:: Task directions ::
Take the line that contains "Lao động miền" and each line after it to the end of the data below, and set them down exactly, omitting pictures.

:: Exercise data ::
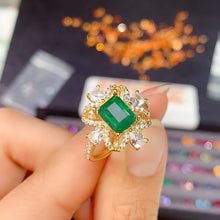 画像をギャラリービューアに読み込む, JCX - 0630 - 142840 - 1 - 貴婦人の宝箱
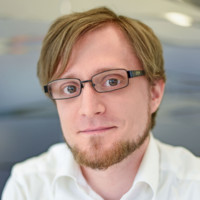 Mathieu Roesch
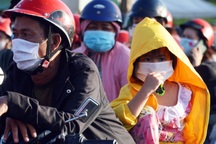 Lao động miền Tây: "Lên Bình Dương 5 tháng, mất việc tới... 4 tháng"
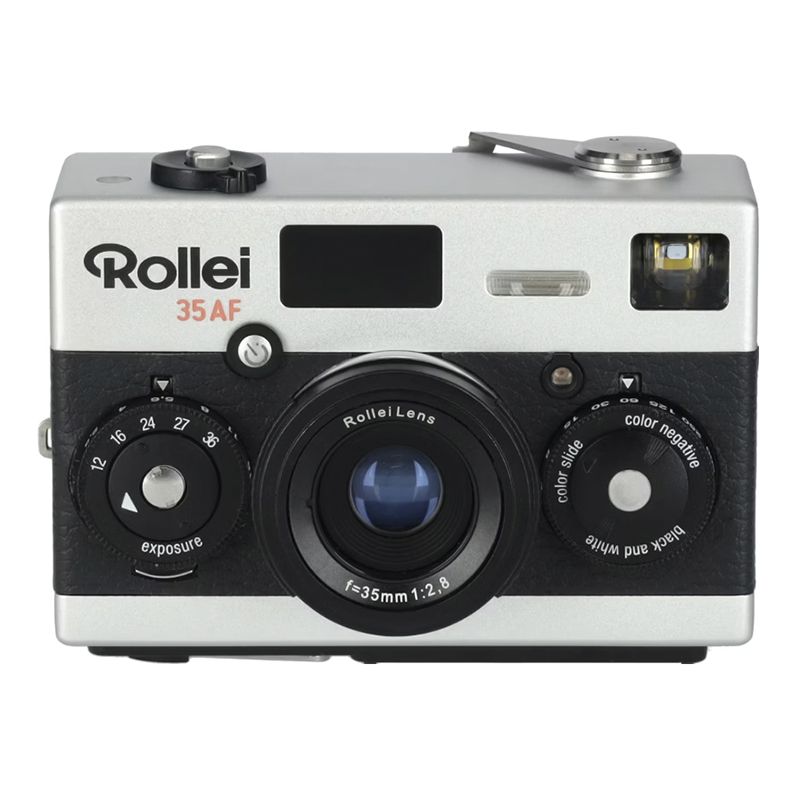 Rollei 35AF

:: Exercise response ::
 Lao động miền Tây: "Lên Bình Dương 5 tháng, mất việc tới... 4 tháng"
 Rollei 35AF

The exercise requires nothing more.